# OPS-SAT case starter-kit notebook

ESA's [Kelvins](https://kelvins.esa.int) competition "[the OPS-SAT case](https://kelvins.esa.int/opssat/home/)" is a novel data-centric challenge that asks you to work with the raw data of a satellite and very few provided labels to find the best parameters for a given machine learning model. Compared to previous competitions on Kelvins (like the [Pose Estimation](https://kelvins.esa.int/pose-estimation-2021/) or the [Proba-V Super-resolution challenge](https://kelvins.esa.int/proba-v-super-resolution/)) where the test-set is provided and the infered results are submitted, for the OPS-SAT case, we will run inference on the Kelvins server directly! This notebooks contains examples on how you can load your data and train an **EfficientNetLite0** model by only using the 80-labeled images provided. Therefore, the directory `images`, containing unlabeld patches and included in the training dataset is not used for this notebook.
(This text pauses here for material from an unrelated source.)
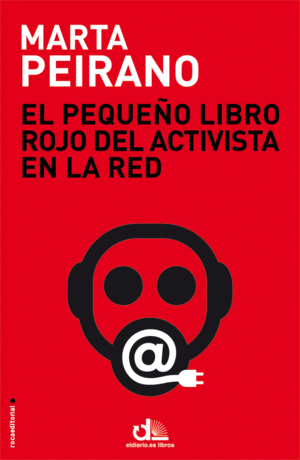 EL PEQUE�O LIBRO ROJO DEL ACTIVISTA EN LA RED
However, competitors are encouraged to use these patches to improve the model accuracy.

# 1. Module imports

If you do not have a GPU, uncomment and run the next commands.


In [25]:
import os
os.environ["CUDA_VISIBLE_DEVICES"]="-1"
file = '/home/phillip/PycharmProjects/the_opssat_case_starter_kit'

Other imports.

In [26]:
import tensorflow as tf
from tensorflow import keras

import numpy as np
from sklearn.metrics import cohen_kappa_score

from efficientnet_lite import EfficientNetLiteB0

# 2. Utility Functions

You can use this function to load your training data.

In [27]:
def get_images_from_path(dataset_path, _seed: int = 42):
    """ Get images from path and normalize them applying channel-level normalization. """

    # loading all images in one large batch
    tf_train_data = tf.keras.utils.image_dataset_from_directory(dataset_path, image_size=input_shape[:2], shuffle=False, validation_split=0.4, subset="training", seed=_seed)
    tf_eval_data = tf.keras.utils.image_dataset_from_directory(dataset_path, image_size=input_shape[:2], shuffle=False, validation_split=0.4, subset="validation", seed=_seed)
    
    # extract images and targets
    for tf_eval_images, tf_eval_targets in tf_eval_data:
        break
        
    for tf_train_images, tf_train_targets in tf_train_data:
        break

    return tf.convert_to_tensor(tf_train_images), tf_train_targets, tf.convert_to_tensor(tf_eval_images), tf_eval_targets

# 3. Loading the model

The network architecture used for OPS-SAT is **EfficientNetLite0**. We would like to thank Sebastian for making a Keras implementation of EfficientNetLite publicly available under the Apache 2.0 License: https://github.com/sebastian-sz/efficientnet-lite-keras. Our Version of this code has been modified to better fit our purposes. For example, we removed the ReLU "stem_activation" to better match a related efficientnet pytorch implementation. In any way, **you have to use the model architecture that we provide in our [starter-kit](https://gitlab.com/EuropeanSpaceAgency/the_opssat_case_starter_kit).**

In [28]:
input_shape = (200, 200, 3)   # input_shape is (height, width, number of channels) for images
num_classes = 8
model = EfficientNetLiteB0(classes=num_classes, weights=None, input_shape=input_shape, classifier_activation=None)
# model.summary()

block1a_ same
block2a_ ((1, 1), (1, 1))
block2a_ valid
block2b_ same
block3a_ ((2, 2), (2, 2))
block3a_ valid
block3b_ same
block4a_ ((1, 1), (1, 1))
block4a_ valid
block4b_ same
block4c_ same
block5a_ same
block5b_ same
block5c_ same
block6a_ ((2, 2), (2, 2))
block6a_ valid
block6b_ same
block6c_ same
block6d_ same
block7a_ same


# 4. Loading data

Uncomment next line and adjust with the path of your dataset. 

In [29]:
training_dataset_path=os.path.join(file, 'ops_sat_competiton_official_training')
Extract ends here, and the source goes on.